Johnson: We do not know where our allies are.  We’ve lost Thiệu.
Rowe: Yeah.
Johnson: Because he thinks that we’ll sell him out.
Rowe: Mm-hmm.
Johnson: And Nixon has convinced him. This damn little old woman, Mrs. Chennault, she’s been in on it.
Rowe: Mm-hmm.
Johnson: And I—
Rowe: I wouldn’t doubt it.
Johnson: Well, I know it. Hell, I know it. I’m not doubting it.  Now we have to wait and see what they do.

In fact, right then on TV in Saigon, President Thieu was making it official: South Vietnam would not play along with the U.S. on their deal with the communists, would not immediately send a delegation to the peace talks in Paris.

Clark M. Clifford (LBJL OH)

I was deeply disturbed at what was taking place.

Secretary of Defense Clark Clifford.

Clark M. Clifford (LBJL OH)
We'd worked awfully hard to get the substantive peace talks going. They were the hope. They could end the killing in Vietnam and here now the Saigon government was dragging its feet.  And all the time American boys were dying in Vietnam.

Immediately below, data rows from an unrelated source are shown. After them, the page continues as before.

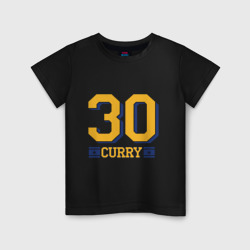 Детская футболка хлопок 30 Curry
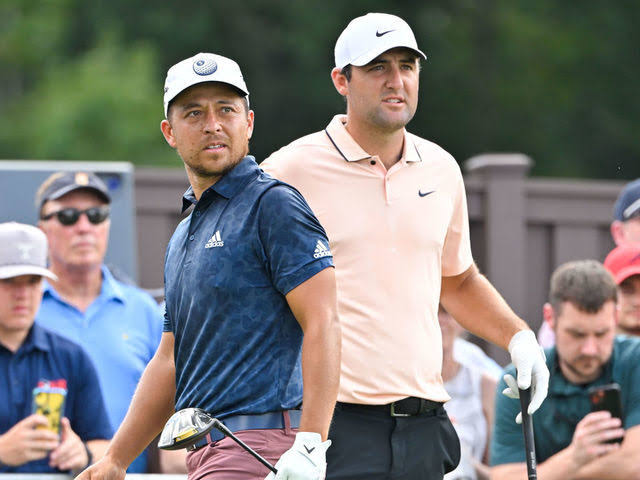 Shocking Scandal at the Olympics: Medalist Demands Disqualification of Golf Stars Xander Schauffele and Scottie Scheffler!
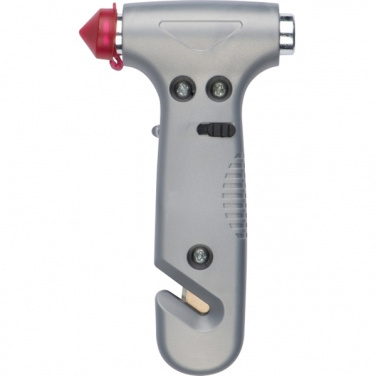 Logotrade promotional product picture of: Emergency hammer VALENCIA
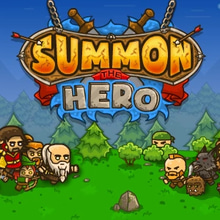 Play Summon the Hero Online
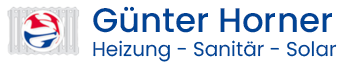 Logo der Günter Horner GmbH und Co. KG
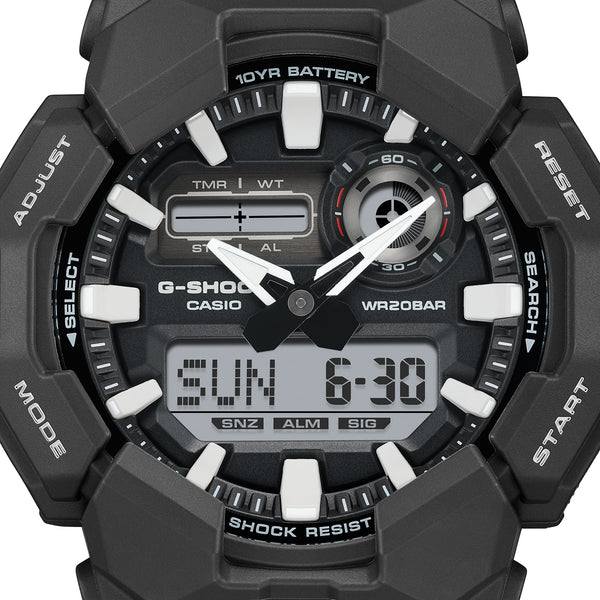 Reloj - G-SHOCK  GA-010-1A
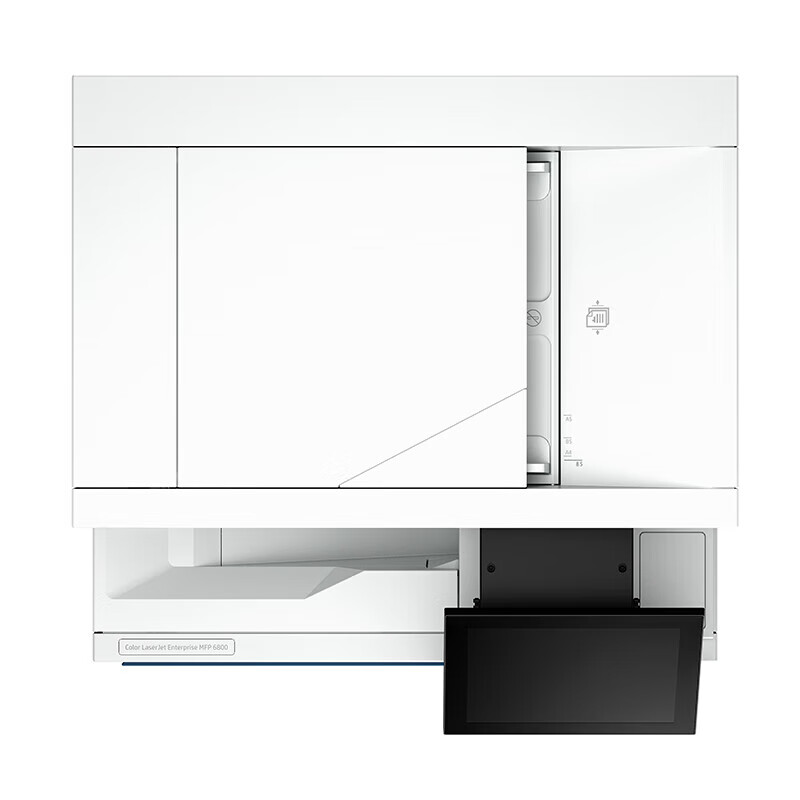 惠普 HP Color LaserJet Enterprise MFP 6800dn 打印机 A4彩色激光高速大型打印复印扫描一体机 计价单位:台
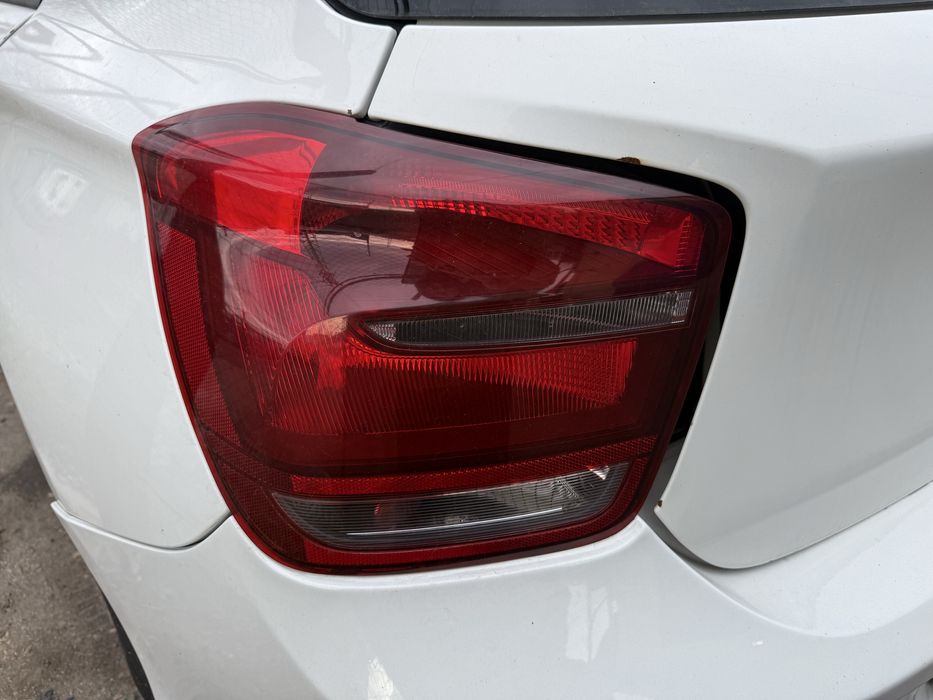 BMW 118D F20 На части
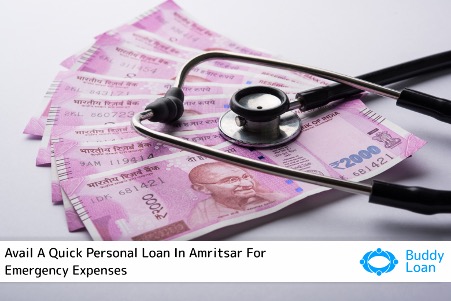 Personal Loan in Amritsar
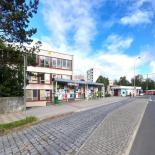 Světlogorská x alej Přátelství (MHD)-vlevo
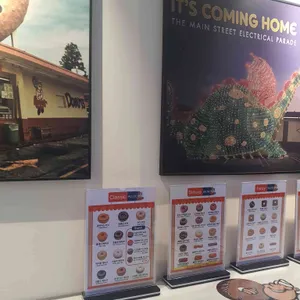 랜디스도넛 리뷰 사진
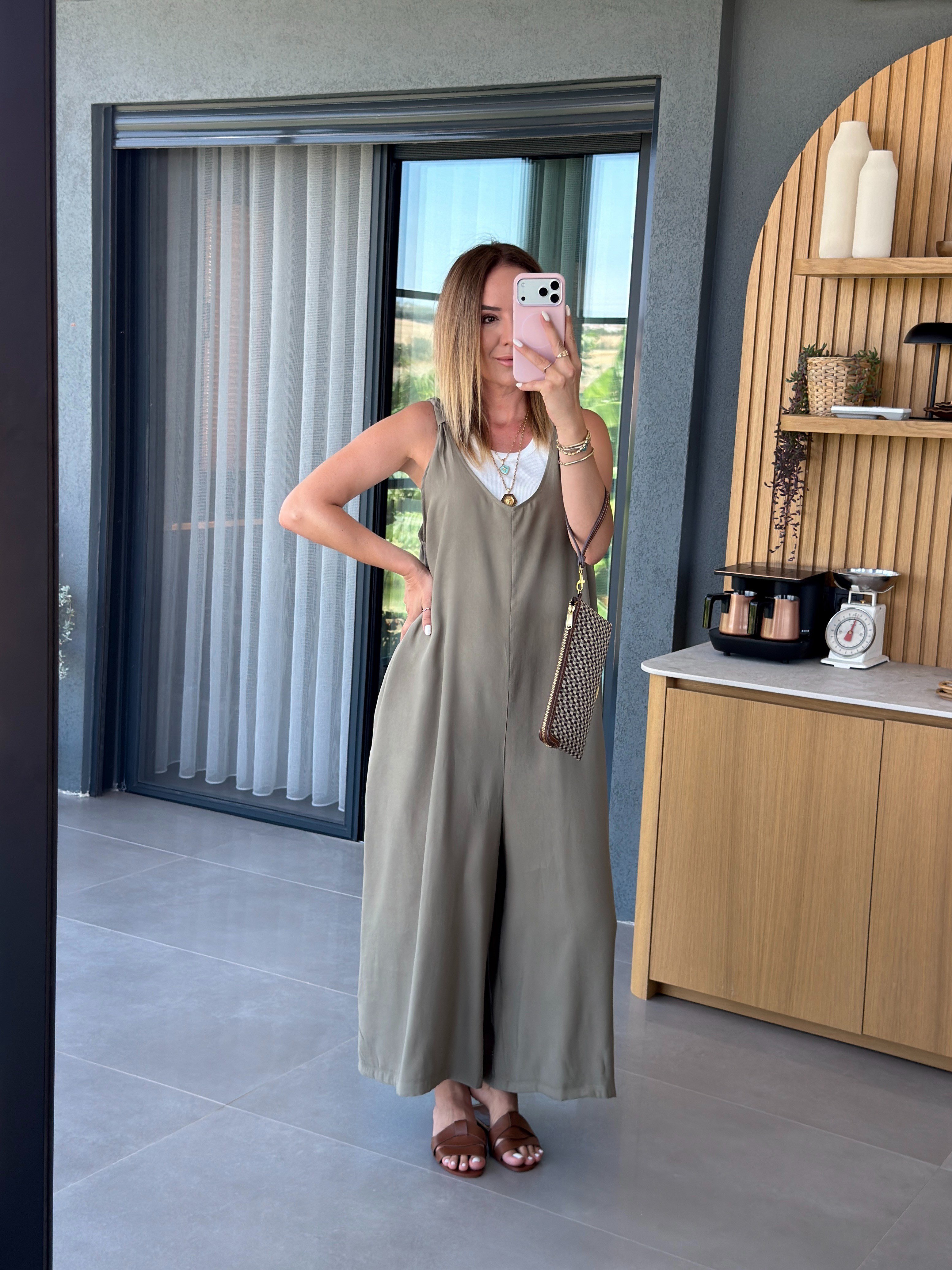 Askılı Liyosel Salaş Tulum HAKİ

On Saturday night President Johnson phones the Republican leader Dirksen again...ratcheting up his threats even higher.

LBJL WHT13706 11.2.68

Lyndon B. Johnson: We’re skirting on dangerous ground and I thought I ought to give you the facts and you ought to pass them on if you choose. If you don’t, then I will a little later.

Everett Dirksen: Yeah.

Johnson: Here’s the latest information we got. The agent says, she’s just talked to the boss. And that he says, just hold on until after the election.  Now, I’m reading their hand, Everett -- I don’t want to get this in the campaign.

Dirksen: That’s right.

Johsnon: And they oughtn’t to be doing this. This is treason.

Dirksen: I know.

This is treason, says the president. I know, replies the Republican leader. 

LBJL WHT13706 11.2.68

Johnson: Now, I know who’s doing this. I don’t want to identify it. I think it would shock America if a principal candidate was playing with a source like this on a matter this important. I don’t want to do that.

And now the president is accusing not just the campaign, but the candidate himself.  

LBJL WHT13706 11.2.68

Johnson: Now I don’t want to get in a fight with him there.  I think Nixon’s going to be elected. And I think we ought to have peace, and I’m gonna work with him. But I know this, that they’re contacting a foreign power in the middle of a war.

Dirksen: That’s a mistake.

Johnson: And it’s a damn bad mistake.

Dirksen: Oh, it is. 

Johnson: Now, I don’t want to say so, and you’re the only man that I have enough confidence in to tell them. But you better tell them they better quit playing with it.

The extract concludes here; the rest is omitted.